Desperate enticements, such as Denmark’s highly subsidized day care and twelve months of paid family leave, are not working. Italy pays women to have children, and the birth rate has fallen to 1.3 babies per woman. Of the 20 most rapidly shrinking countries, 18 are in Europe. In Germany, the economic engine of Europe, things are looking especially dire: Almost 40 percent of the population will be over age 60 by 2050. After Japan and Monaco, it’s the oldest country on earth. Immigration is the only apparent solution, but the country’s ability to assimilate immigrants is suspect.

 

That ongoing failure brings up another sharp distinction between America and Europe: We are far more inclusive and pluralistic. Tolerance is baked into the American creed. In Europe, 90 percent of Jews report having suffered some form of antisemitic assault, threat, or insult, and they can be forgiven for suspecting that the state does not necessarily support them.

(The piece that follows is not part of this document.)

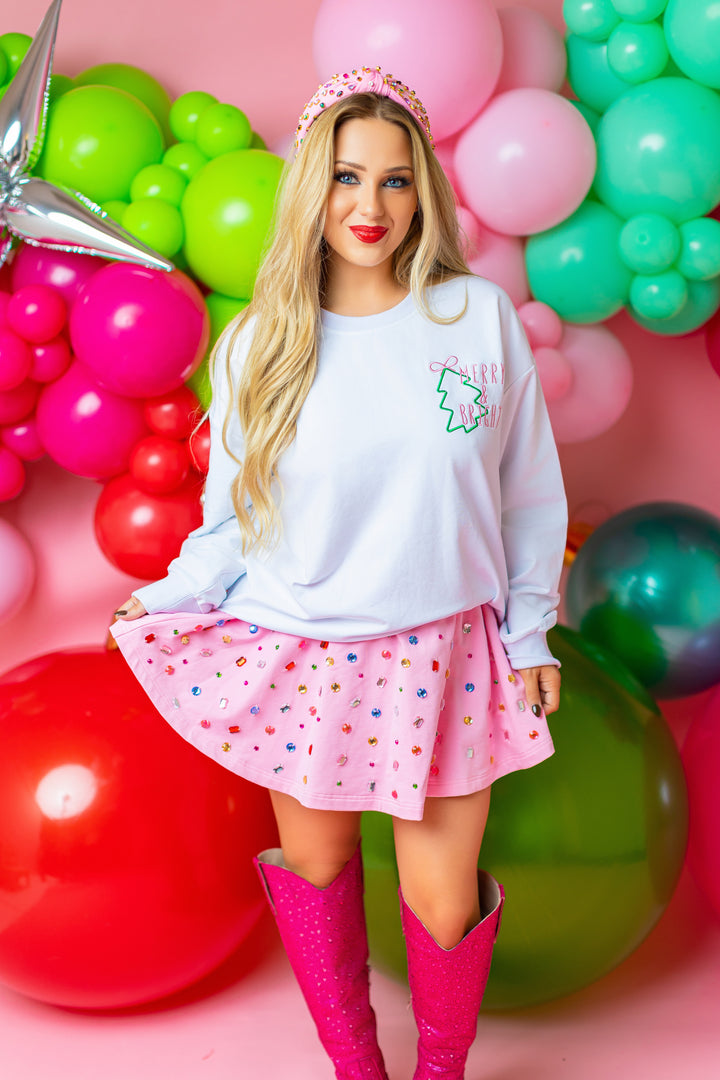MERRY AND BRIGHT EMBROIDERED TOP (preorder)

A German court ruled that the firebombing of a synagogue in Wuppertal was not antisemitic because the three Palestinians who threw Molotov cocktails at the building were merely calling “attention to the Gaza conflict.” They were given suspended sentences for arson. When Italy first elected a black minister, in 2013, at one of her first public appearances, a man threw two bananas at her, and a populist senator, who never apologized and remains powerful, joked that she reminded him of “an orangutan.” Germany has 500,000 black citizens but only one of them is in the parliament, and he is regularly subjected to racism. Protections for existing workers and dislike of newcomers effectively bar immigrants from many jobs, which is one reason why a 2017 study found that under 20 percent of adult Muslims in Europe had full-time jobs.

 

At bottom, it is the American belief system that makes this country better than our European competitors. Individualism, pluralism, and economic and political liberty are cherished much more by Americans than by our cousins across the ocean. Those who say America should become more like Europe are calling for diminishing the qualities that make the U.S. the greatest country on earth.